Vielleicht – und das ist jetzt ein durchaus ernst gemeinter Vorschlag – sollte man so etwas wie AGBs für den Bildungsbereich einführen: quasi ABBs (Allgemeine Bildungsbedingungen). Das heißt: Wenn ich als Lernender Rückmeldung nicht nur in Form einer Note, sondern mit umfangreichen Erläuterungen (Erklärungen von Bewertungen und Verbesserungshinweise) erhalte, dann bin ich auch verpflichtet, diese zu lesen, nachzuvollziehen und für Verbesserungen zu nutzen, oder auch nachzufragen, wenn ich die Rückmeldungen nicht verstanden habe. Mit Abgabe einer Leistung plus Feedback kreuze ich dann an, ob ich mit den ABBs einverstanden bin. Wenn nicht, gibt es auch kein Feedback bzw. nur eines in Form einer Note (wenn man denn unbedingt eine solche vergeben muss; den Wert von Noten jedenfalls sehe ich ohnehin zunehmend skeptischer – aber das ist ein anderes Thema … über das ich erfreulicherweise auch auf der nächsten GMW in Wien berichten darf).

 

Nicht besser werden wollen?

Feedback geben – es gibt viele gute Argumente wie auch Studien, die zeigen, dass die Rückmeldung an studentische Leistungen im Rahmen der Hochschule wichtig ist. Studierende beklagen überdies häufig einen Mangel an Feedback und geben entsprechend an, sich mehr davon zu wünschen. Ich meine, viel Feedback in meiner Lehre zu geben. In einer Veranstaltung, die ich mit dem Konzept „Lernen durch Lehren“ mache, bekommt jedes Lehrteam mindestens zwei Seiten schriftliche Rückmeldung dazu, was gut war, was man verbessern kann und wie man es verbessern kann. Die anderen Lehrteams, auch die, die Ihre Lehreinheit noch vor sich haben, können diese Feedbacks ebenfalls lesen. Auf die abschließenden Hausarbeiten, die 10 bis 12 Seiten umfassen, kommen in der Regel ebenfalls bis zu zwei Seiten Rückmeldung von mir. Das ist extrem aufwändig. Ich habe mal den Zeitaufwand für zwei Kurse über drei Monate lang (insgesamt 30 bis 40 Studierende) zusammengestellt und komme auf ca. 45 bis 50 Stunden allein (!) für die Formulierung schriftlicher Rückmeldungen (und mir geht das wahrscheinlich inzwischen recht schnell von der Hand – ein Novize kann da locker mal das Doppelte brauchen). Gut, das muss ich nicht machen, ich bin also selber schuld. Ich muss also folglich Gründe haben, warum ich es mache. Habe ich: Ich erhoffe und erwarte mir, dass die Studierenden das Feedback aufnehmen, verstehen, für sich nutzen und besser werden – so einfach. Ich möchte, dass die Studierenden besser werden.

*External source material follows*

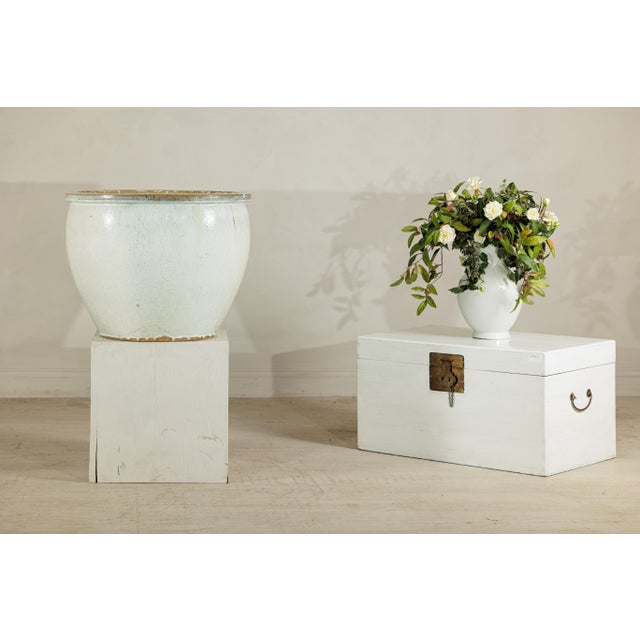 Large Mid-20th Century Chinese Crackle-Glazed Ceramic Planter in Soft White For Sale - Image 17 of 18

Meine eigenen Lehrevaluationen sowie meine Beobachtung (oft gestützt durch Silvias Beobachtungen, die mich in den letzten Kursen immer begleitet hat, sodass ich weiß, dass es kein Verfolgungswahn ist) zeigen allerdings ziemlich deutlich: Die Rückmeldungen haben wenig bis keine unmittelbaren Wirkungen. Verbesserungsvorschläge werden kaum aufgegriffen. Ich weiß ehrlich gesagt nicht einmal, wie viele der Studierenden das überhaupt lesen. Wenn sie es lesen, weiß ich nicht, ob sie es verstehen – mein Angebot nachzufragen, wird nämlich selten aufgegriffen. Falls sie es gelesen und verstanden haben, müssten sie es auch umsetzen – und davon sehe ich wenig. Die Rückmeldungen sind weitgehend so gestaltet, wie man „das so machen soll“: Informativ mit Hinweisen auf Stärken und Schwächen sowie konkreten Verbesserungsvorschlägen – oft auch mit Begründungen. Ein „handwerklicher Fehler“ beim Feedback sollte also eher nicht die Ursache sein. Nun ist das kein neues Problem und vielleicht kommt hier die Frage auf, warum ich das gerade jetzt schreibe (nachdem auch in Christians Blog hier kürzlich ein ähnlicher Beitrag für Diskussionsstoff gesorgt hat). Der aktuelle Grund: Zwei Studierende, die meine Kritik an zahlreichen unverständlich formulierten Botschaften in ihrer Arbeit darauf zurückführten, dass ich die Arbeit nicht richtig gelesen hätte …. Auf die Idee, dass es wohl eher umgekehrt sein könnte, dass also besonders gute Noten oft zustande kommen, weil manche Kollegen/innen diese Arbeiten genau nicht intensiv lesen, sind die beiden nicht gekommen. Sie beharrten darauf, „wissenschaftlich geschrieben“ zu haben, so wie es anderswo akzeptiert und nur von mir als unverständlich gewertet werden würde. Immerhin wurde dieses Feedback ja gelesen, wenn auch nicht verstanden, oder aber zwar verstanden, aber nicht akzeptiert.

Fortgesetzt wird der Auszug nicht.